In September 2018 the regulators issued proposed revisions to the 2019 Call Report to align the information in the call report with the new accounting credit loss accounting standard. In June 2018 the regulators implemented further burden-reducing changes for both FFIEC 051 and 041 filers. Additional changes to the June 2018 Call Report were included in the supplemental instructions. The regulators issued an update to the reporting of high volatility commercial real estate (HVCRE) exposures as well as reciprocal deposits.
The Call Report Preparation seminar will help preparers and reviewers understand the preparation process and eliminate errors.
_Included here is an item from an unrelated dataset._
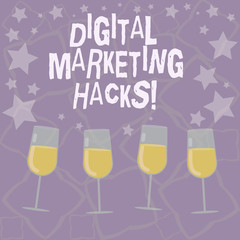 Writing note showing Digital Marketing Hacks. Business photo showcasing Using skills or system hacking to generate leads Filled Cocktail Wine Glasses with Scattered Stars as Confetti Stemware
The seminar will begin with an overview of proposed and approved revisions for 2019 & 2018 and other recent changes, followed by a review of several new accounting standard updates.
March 2019 Proposed Revisions
- Increase in small bank asset size eligibility for filing on the FFIEC 051 form from $1 billion to $5 billion
- Option to calculate a simple leverage ratio, rather than multiple measures of capital adequacy for banks that meet certain criteria
- Semi-annual reporting for several more line items on the FFIEC 051 form, primarily RCR Pt II lines 1-25, risk weighting of on and off balance sheet assets
- Banks with assets over $1 billion that file on the FFIEC 051 form will still have to provide information on consumer deposit accounts and the related service charges, disaggregated data on the allowance for credit losses, and uninsured deposits in certain quarters
- Updates to twelve schedules to address the broader scope of financial assets for which an allowance for credit losses must be established and maintained.
June 2018 Revisions
- New information on the HVCRE definition as well as reporting of reciprocal deposits
- Further burden-reducing changes for the FFIEC 051 and 041 forms
March 2018 Revisions
- Maintaining phase in percentage deduction and risk weighting on certain RCR items
Proposed Simplifications to the Capital Rules
- Proposed changes to the capital deductions and risk weighting of mortgage servicing assets (MSAs), deferred tax assets (DTAs) arising from timing differences not realizable through carryback, investments in the capital of unconsolidated financial institutions, and minority interests
THE SEMINAR WILL COVER
- Proposed and approved changes to the 2019 and 2018 Call Reports as well as other recent revisions
- Recent Accounting Guidance (equities, leases, other real estates)
- In-Depth Discussion of Loan Classification reporting rules
- Common Errors made in call report preparation
Annual training in Call Report Preparation is highly recommended by bank regulators, not just for preparers of the call report, but also for reviewers. A reviewer needs to understand the reporting requirements and should spend at least 3-4 hours performing a detailed check of the completed Call Report Schedules and supporting documentation. New and experienced preparers and reviewers should be trained.